Gabler argues that we are heading into a future where we can all be Trumans, albeit with the singular difference that we will be conscious of preferring a fictional existence — our own life movies, our “lifies,” to use Gabler’s word — to reality. In a nutshell, thanks to the cocoon of technology and the abundance of the consumer society, reality will barely touch us if we so choose.
“Life itself,” Gabler writes, is “gradually becoming a medium all its own.” We are “becoming at once performance artists in and audiences for a grand, ongoing show. . . . Life has become art, so that the two are now indistinguishable from each other.”
To some, his analysis might seem an exaggeration. Man has always been prone to illusion; unrelieved reality is too hard to bear. As T. S. Eliot once wrote: “Mankind cannot take very much reality.” Out of this existential condition, we created art and culture as ways to help us comprehend our condition and make it intelligible. In other words, we assumed a linkage between art and reality and truth.

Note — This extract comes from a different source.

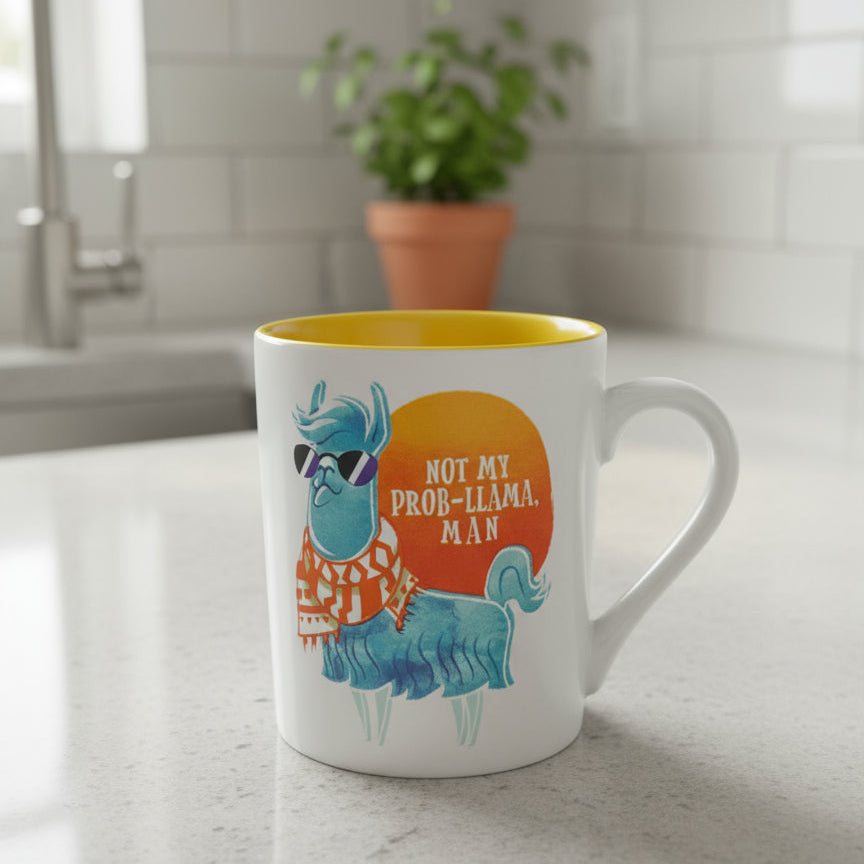 Not My Prob-Llama Man Large Coffee Mug Cup Yellow Interior 4 7/8" Tall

But in our post-modern society, with its surfeit of data, illusion takes the form of hype and misinformation. Think of the newscasts where what is considered newsworthy is that which can be sensationalized to be as dramatic as possible, where so-called reality TV and “shockumentaries” such as the World’s Scariest Police Chases attract the biggest audiences, and where celebrities and movie stars are sought out for their negligible wisdom on world affairs; you cannot help but conclude that Gabler is on to something.
Indeed, given the evidence he offers, it is difficult to dispute his claim that North Americans increasingly occupy a world that privileges sensual satisfaction over mental reflection, emotionalism over reason, and Dionysian indulgence over Apollonian intelligibility.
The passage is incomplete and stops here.